A slowdown in dollar acquisitions by the Central Bank indicates the downward pressure on the colón-dollar exchange rate may be letting up.
The bank absorbed only $3.5 million during the last week of February, down drastically from the $176.7 million it bought up during the last week of January. Though data for the first week in March were not available by press time, daily dollar trades on the exchange market continued to be light.
Late last year, downward pressure on the exchange rate caused by a flood of dollars into the market had driven the Central Bank to move its lower exchange limit and allow the colón to gain 4% on the dollar overnight.

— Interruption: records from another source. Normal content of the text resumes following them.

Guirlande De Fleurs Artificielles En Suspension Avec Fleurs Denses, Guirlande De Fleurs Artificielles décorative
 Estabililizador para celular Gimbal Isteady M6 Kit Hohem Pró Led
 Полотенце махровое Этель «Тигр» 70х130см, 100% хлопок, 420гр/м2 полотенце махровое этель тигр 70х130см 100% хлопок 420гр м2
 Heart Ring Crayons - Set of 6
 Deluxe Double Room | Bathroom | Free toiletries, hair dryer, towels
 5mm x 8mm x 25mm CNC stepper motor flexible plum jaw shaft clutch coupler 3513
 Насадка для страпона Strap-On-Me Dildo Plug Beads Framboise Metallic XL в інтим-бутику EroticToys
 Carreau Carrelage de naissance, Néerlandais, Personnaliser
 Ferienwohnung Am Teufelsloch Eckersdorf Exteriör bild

“We believe the (exchange) market could now be finding its equilibrium price,” said Isaac Castro, chief economist at finance company Interbolsa.
But while the new numbers are a sign that the Central Bank’s short-term colón interest rate cut may have worked to discourage foreign speculation that pushed on the value of the colón, the rate cut hasn’t done much to further the bank’s greater goal of lowering inflation.
Monthly inflation for February came in at 1.11%, the third-highest monthly inflation in at least 14 months, and put inflation for the latest 12-month period at an uncomfortable 11.4%.
The Central Bank’s goal for 2008 is to lower inflation to 8%, plus or minus 1 point.
Inflation for 2007 was 10.81%.
Much of the current inflationary pressure comes from the steady increase of international food and energy prices, but the historically low colón interest rates have also encouraged spending.
Castro called the current interplay among inflation, the exchange rate and interest rates an “ambiguous situation” that is causing uncertainty among investors.
He said Interbolsa would like to see the Central Bank pick up the pace toward a completely floating exchange rate, which was the bank’s stated goal when it switched to a system of artificially imposing an upper and lower exchange limit through market intervention.